(Records from a data source)
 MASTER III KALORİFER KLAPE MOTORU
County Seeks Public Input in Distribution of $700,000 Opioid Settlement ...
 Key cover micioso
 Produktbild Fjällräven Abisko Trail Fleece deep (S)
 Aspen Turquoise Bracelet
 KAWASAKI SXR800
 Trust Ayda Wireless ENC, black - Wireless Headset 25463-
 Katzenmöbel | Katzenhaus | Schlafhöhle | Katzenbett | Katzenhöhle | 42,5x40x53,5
* * *
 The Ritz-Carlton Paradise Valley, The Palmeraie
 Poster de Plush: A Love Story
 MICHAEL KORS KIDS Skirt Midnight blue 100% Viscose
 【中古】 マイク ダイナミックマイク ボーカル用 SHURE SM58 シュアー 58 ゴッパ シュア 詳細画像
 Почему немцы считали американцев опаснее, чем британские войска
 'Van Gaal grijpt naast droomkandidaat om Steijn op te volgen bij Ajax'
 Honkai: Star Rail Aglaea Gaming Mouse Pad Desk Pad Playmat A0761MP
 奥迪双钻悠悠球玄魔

### EXERCISE REQUIREMENTS
Above are the records; copy exactly the lines from the line with "Produktbild Fjällräven Abisko" through the line with "Katzenmöbel | Katzenhaus", both included.

### ANSWER SPACE
 Produktbild Fjällräven Abisko Trail Fleece deep (S)
 Aspen Turquoise Bracelet
 KAWASAKI SXR800
 Trust Ayda Wireless ENC, black - Wireless Headset 25463-
 Katzenmöbel | Katzenhaus | Schlafhöhle | Katzenbett | Katzenhöhle | 42,5x40x53,5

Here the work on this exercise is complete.